Когда Никодим (что бывало, впрочем, нечасто) задумывался об аллегории их союза или когда ему попадалась в блестящем журнале, где рекламы было больше, чем иллюстраций, а последние совокупным объемом значительно превышали текст, слащавая история о счастливом браке, всегда представлял одну и ту же картину – двух осьминогов, сплетенных в объятии, – и только теперь, задним числом, он сообразил, что это было рассуждение вполне в отцовском вкусе. Несмотря на заведомую статичность изображения, ему показалось, что приблизительно с зимы осьминожьи объятия стали ослабевать. У них была любимая игра в ассоциации: когда молчаливый завтрак (оба не терпели ранних пробуждений) прерывался случайной репликой, другой обязан был немедленно спросить: «Почему ты так сказала?» (или «сказал»), чтобы вытащить на свет всю цепочку алогично сцепленных друг с другом мыслей, демонтировать фрагмент умственного механизма. Оказывалось, что замечание Вероники о Китае имело своим источником беглый взгляд на иссякающую баночку с медом: где мед, там и пчелы (это понятно), потом она подумала о птицах, питающихся пчелами, потом об их ежегодных миграциях на юг, о зашитых в память маршрутах, о высоких горах на пути, о том, как, должно быть, странным для альпиниста, медленно замерзающего где-нибудь в ледниках Гиндукуша, окажется увидеть изможденную, но вполне живую ласточку, пролетающую в Сычуань, где ее гнездо послужит деликатесом для местного толстосума.

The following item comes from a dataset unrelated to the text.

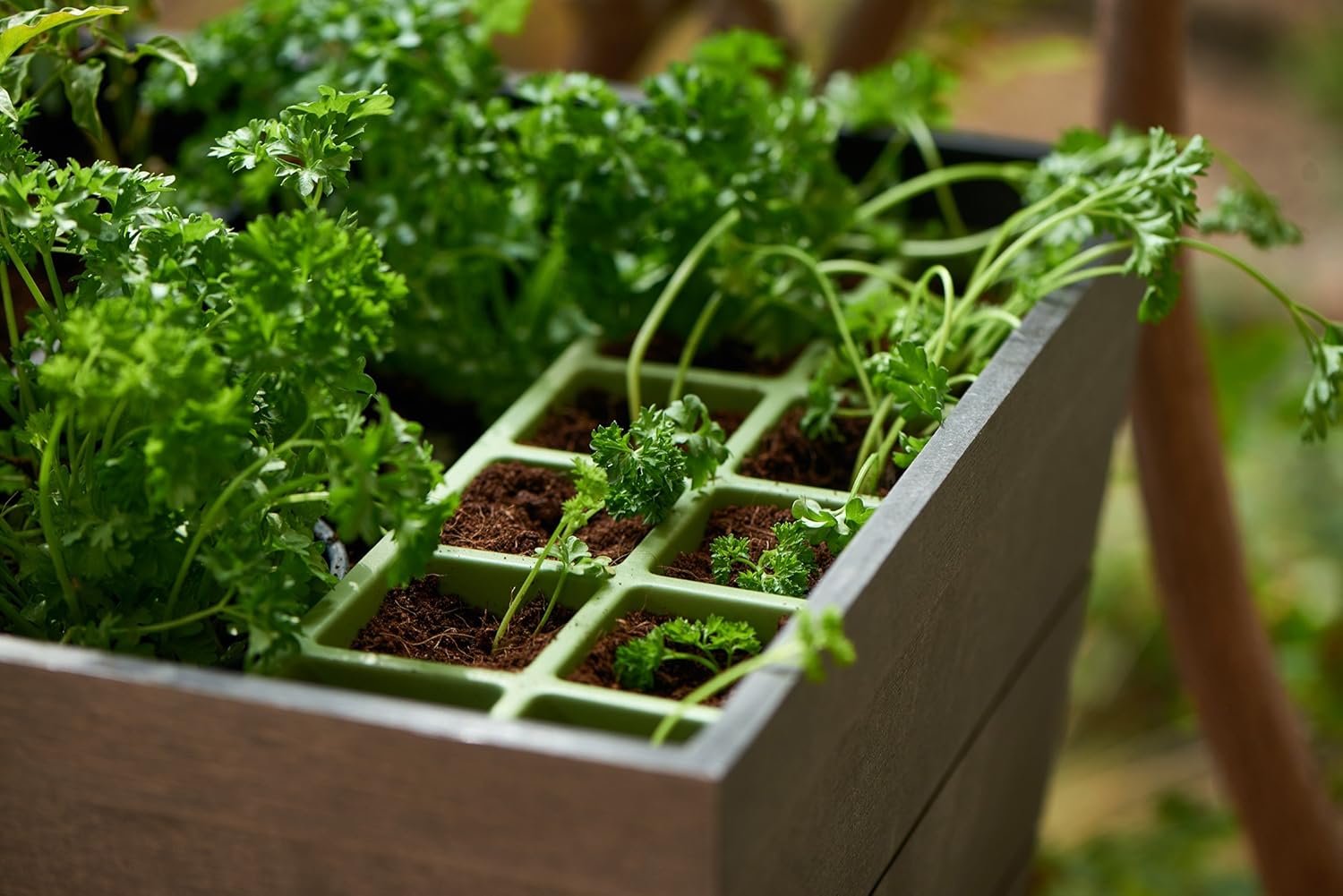 Keter Raised Garden Bed With Self Bewasserungs Pflanzkasten Und Ablaufstopfen Dunkelgrau Amazon De Garten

Восстанавливая, уже в одиночку, череду событий, приведшую к их нынешнему охлаждению, Никодим вел отсчет от январского вечера минувшей зимы. Они шли вдвоем на художественную выставку одного из Вероникиных приятелей: Никодим, угрюмый домосед, не терпевший холода примерно в той же степени, что и богемы, направлялся туда нехотя, в отличие от спутницы, которая, напротив, находила в развлечениях подобного рода особенный вкус, сродни, может быть, удовольствию от чтения современного романа, в котором на бесстыже торчащие ребра сюжета хамски натянута прогрессивная шкура идеологии, оммаж седобородым законодателям вкусов из «Современного мира» – так что любование прямолинейностью сочинителя проносит читателя по ту сторону наслаждения. Они шли в районе Сретенки, по плохо освещенным дворам, нужно было обойти небольшую краснокирпичную церковку, остававшуюся здесь с тех недавних времен, когда местные кварталы служили главным в Москве гнездом разврата: очевидно, скромность ее вида и неброскость местоположения были компромиссом между прямым обличением доходного порока и полным оставлением паствы без окормления. Вероника пошутила на предмет того, что, учитывая место, храм правильнее освятить в честь Марии Магдалины, – и буквально в этот момент земля у нее ушла из-под ног, и, поскользнувшись на невидимом, прикрытом снегом ледяном пятне, она, вскрикнув, упала навзничь и проехала на спине несколько метров.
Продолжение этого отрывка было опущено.